TASK STATEMENT:
Skip the pictures, please, and write out exactly every line from the one containing "Tricou de bumbac" through the end of the listing below.
─── DATA PROVIDED
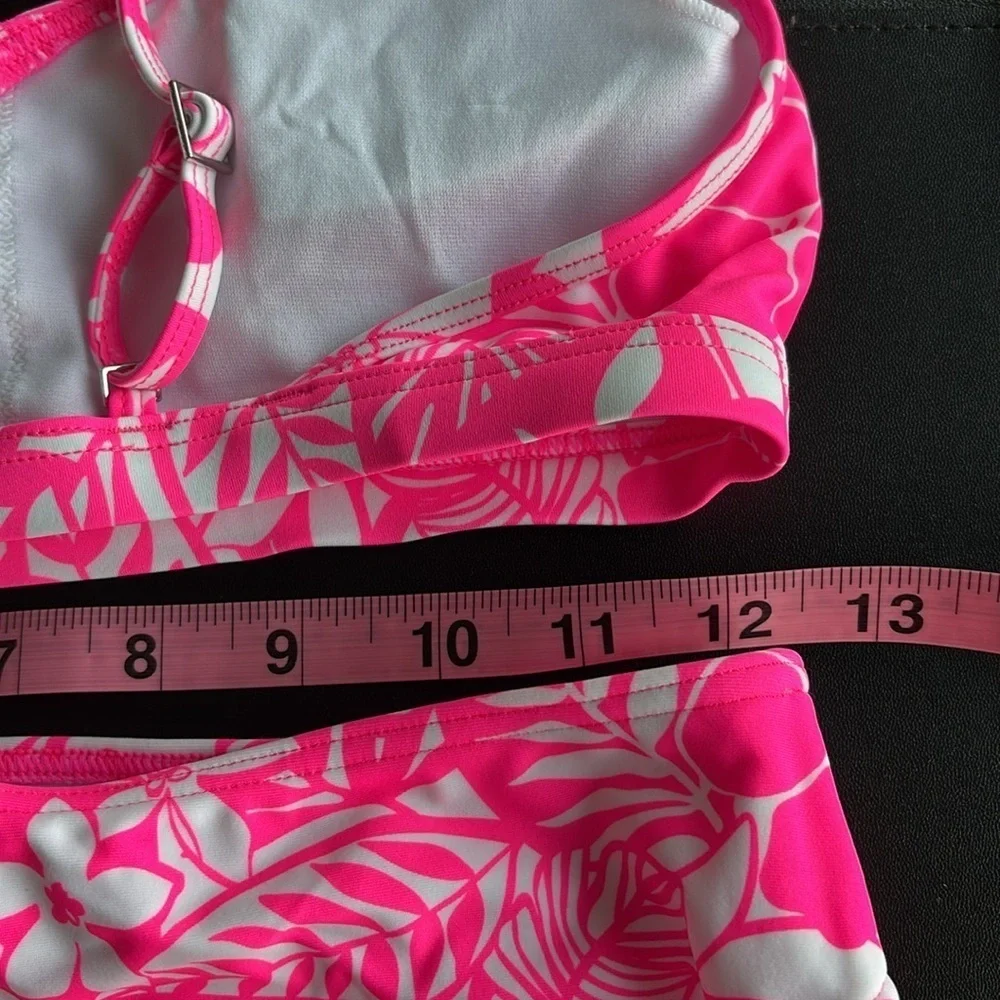 Kanu Surf UPF 50+ Fiona 2 piece adjustable strap,removable pads neon pink floral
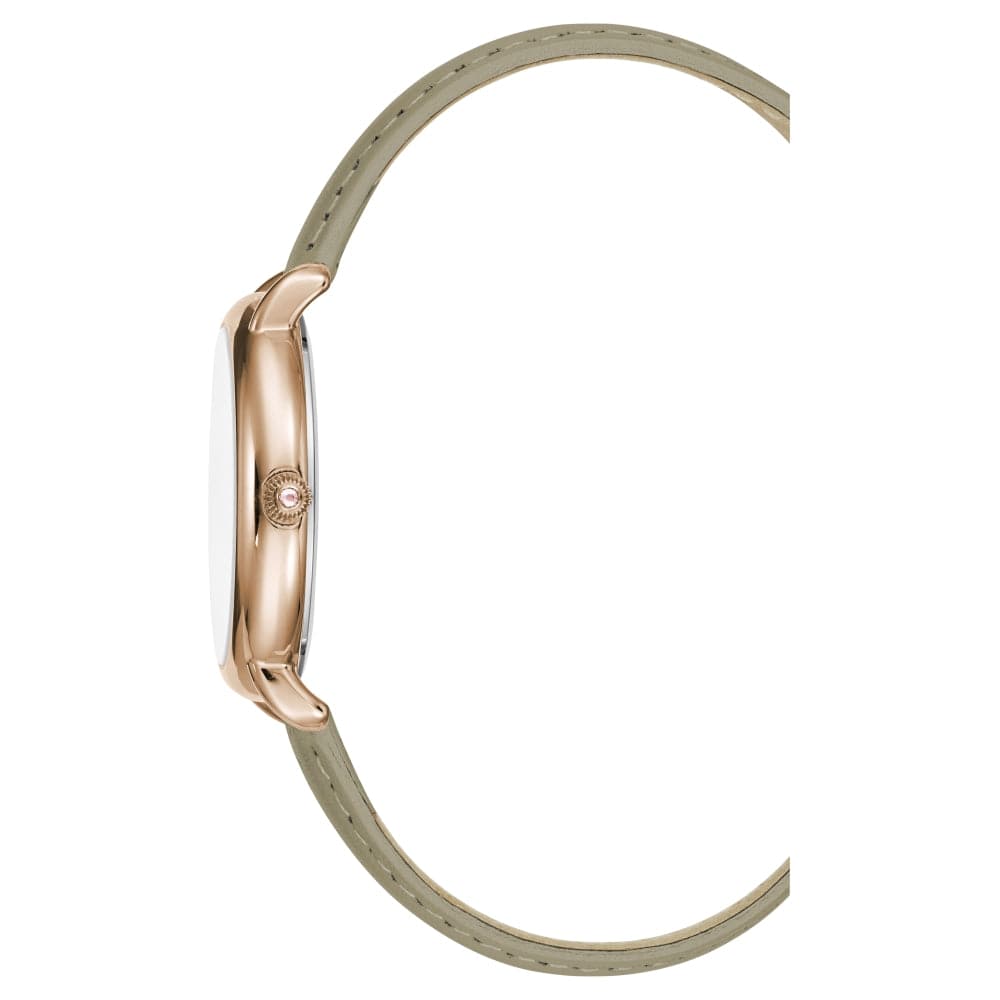BCBGMAXAZRIA Women's Quartz Rose Gold Stainless Steel Watch with Green Leather Strap BG50676003 - Perfect for Office, Party & Everyday Wear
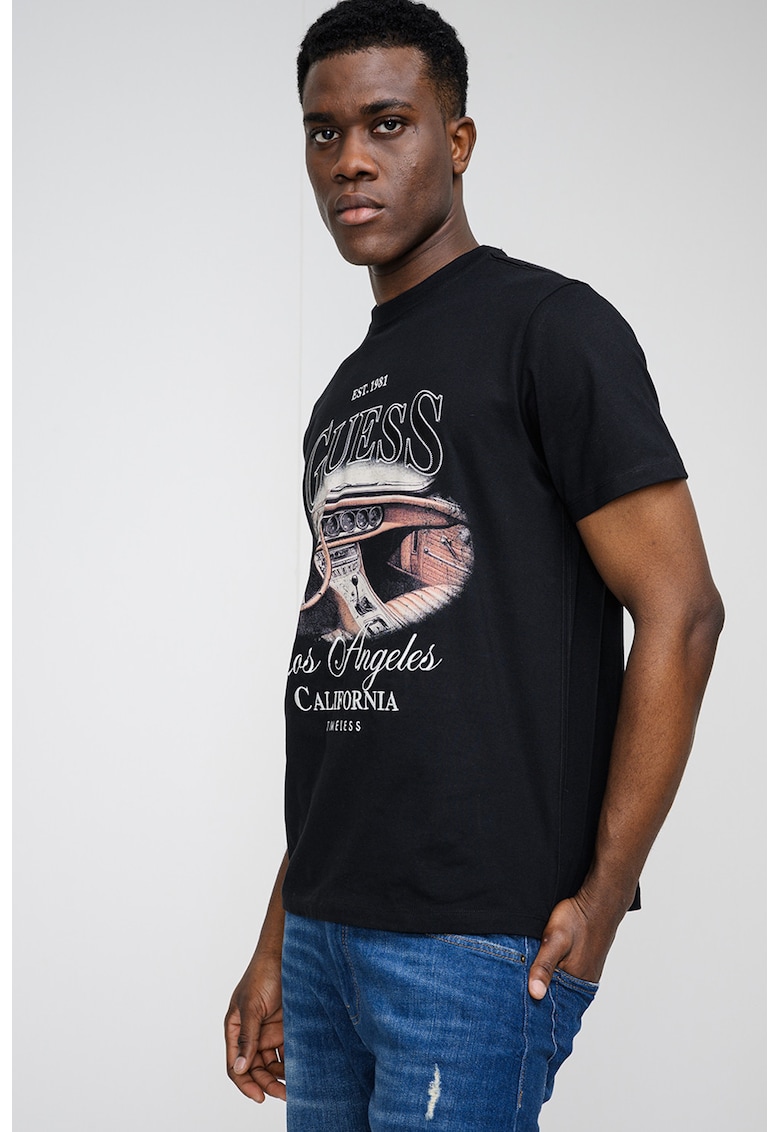 Tricou de bumbac cu imprimeu logo - Alb/Negru/Maro deschis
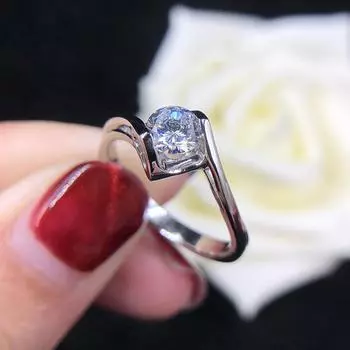 Роскошное кольцо-пасьянс для женщин, минималистичный дизайн, высококачественные серебряные кольца, блестящие круглые свадебные украшения 6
──────
ANSWER TO THIS PROBLEM:
 Tricou de bumbac cu imprimeu logo - Alb/Negru/Maro deschis
 Роскошное кольцо-пасьянс для женщин, минималистичный дизайн, высококачественные серебряные кольца, блестящие круглые свадебные украшения 6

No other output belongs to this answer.